As CHRO at Acacia, Jones deals with many of the same problems that confront her peers in the corporate world. She recently oversaw negotiations with a union representing Acacia employees that averted a strike, and during the pandemic, the nonprofit has faced new challenges because of so many would-be workers seeking hybrid or work-from-home positions, when most work with clients must still be performed face-to-face.

Jones says her team at Acacia is looking at solutions such as, “Can we get our time in in three days or four days instead of a five-day workweek? Or, how can we offer benefits that cover more family members? So, we’re looking at things like that, that we have not thought of in the past—things like vacation sharing, or if the employee had a catastrophic event and they don’t have enough PTO, can we share our PTO?”

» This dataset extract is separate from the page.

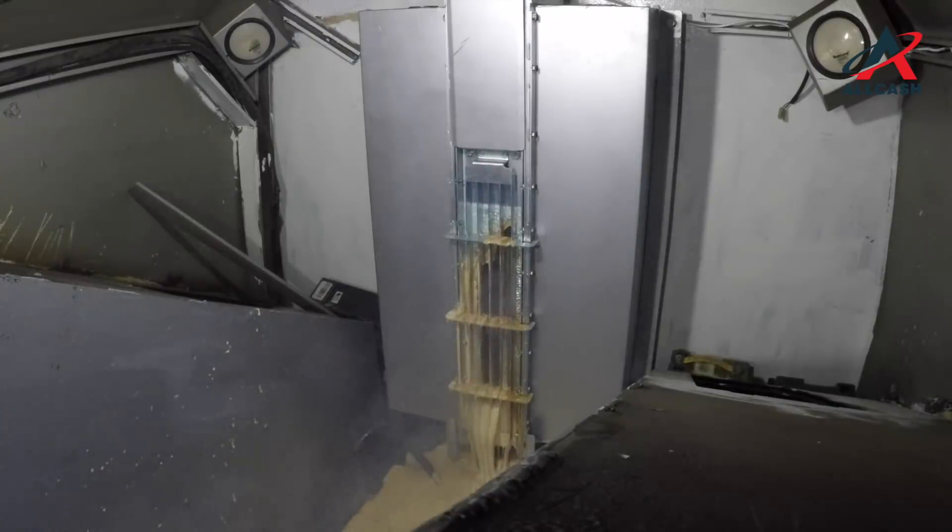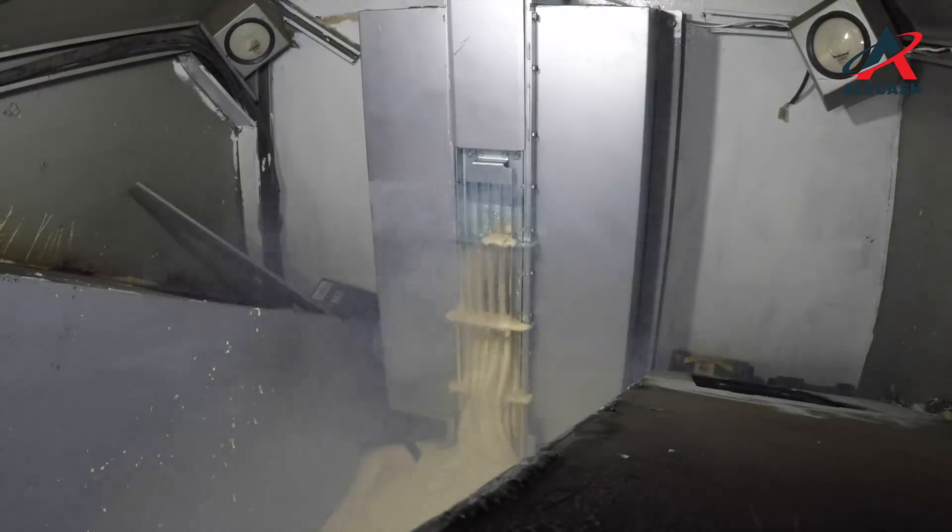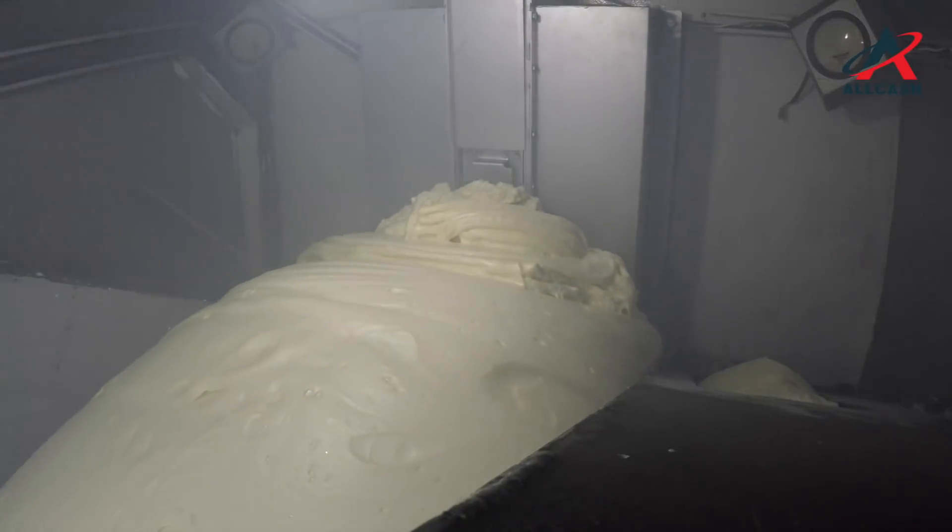When released, the foam encapsulates the cache and other assets in the vault within seconds of activation. This foam hardens into a solid block, preventing access to the cache.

But a typical workday for Jones also involves projects that reflect the unique social mission of Acacia, such as recently planning and helping launch a job-placement program geared around military veterans. She also works with outside umbrella groups—such as the Bronx Partners for Healthy Communities Workforce Subcommittee and a diversity initiative of the Alcoholism and Substance Abuse Providers of New York State, Inc.—to strengthen Acacia’s alliances and learn best practices.

Jones says she finds the biggest challenge—and reward—of people management at an agency like Acacia is building a workforce that shares these values.

“We have to be the gatekeeper, the goalie, to make sure that we vet the individuals properly and that they’re coming in to bring their best to the job because it can be stressful,” Jones says of expanding the Acacia workforce. “They’re working with individuals who, unfortunately, have had setbacks in their life—whether it is substance abuse [or] people who have lost their homes—so we have to make sure we have people that are trauma-informed and can provide the level of care, compassion and empathy that individuals need.”